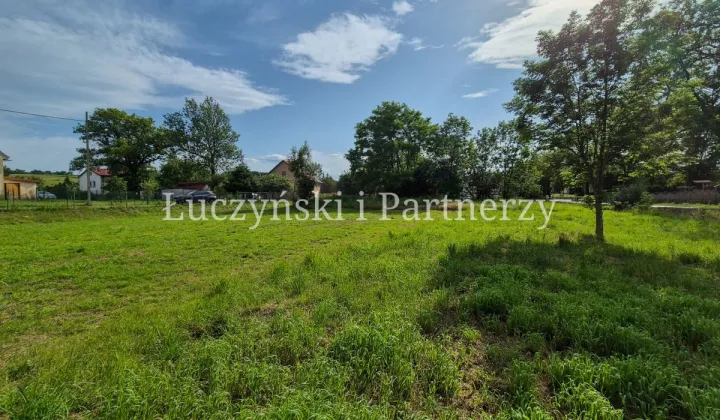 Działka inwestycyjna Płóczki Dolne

---

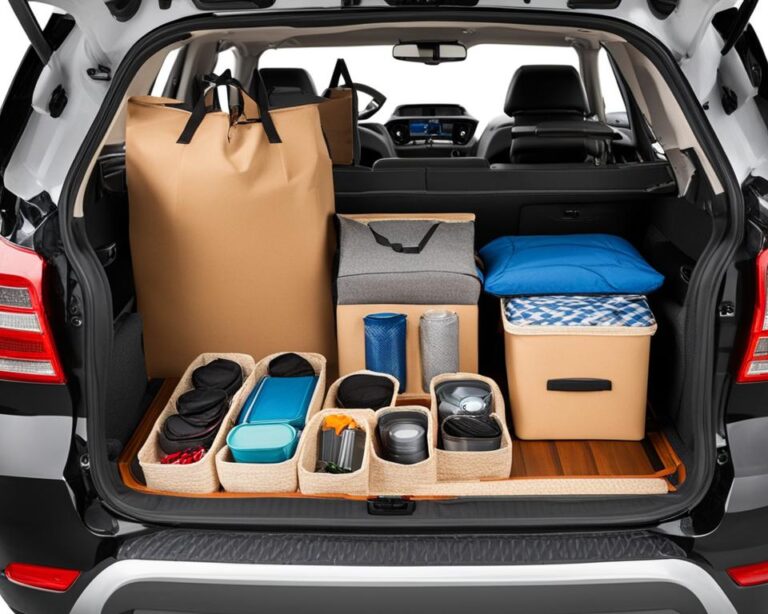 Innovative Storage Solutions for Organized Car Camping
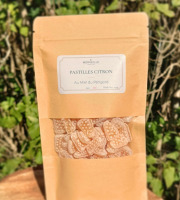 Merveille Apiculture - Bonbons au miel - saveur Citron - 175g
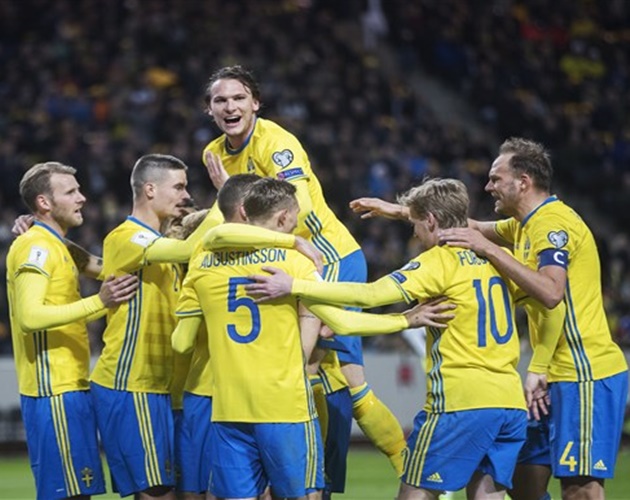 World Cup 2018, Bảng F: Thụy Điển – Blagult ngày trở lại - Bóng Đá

● **Task description**
Nothing but the lines above from the one that has "Merveille Apiculture - Bonbons" down to the one that has "World Cup 2018, Bảng" belongs in the answer, copied exactly, without pictures.

● **Problem solution**
 Merveille Apiculture - Bonbons au miel - saveur Citron - 175g
 World Cup 2018, Bảng F: Thụy Điển – Blagult ngày trở lại - Bóng Đá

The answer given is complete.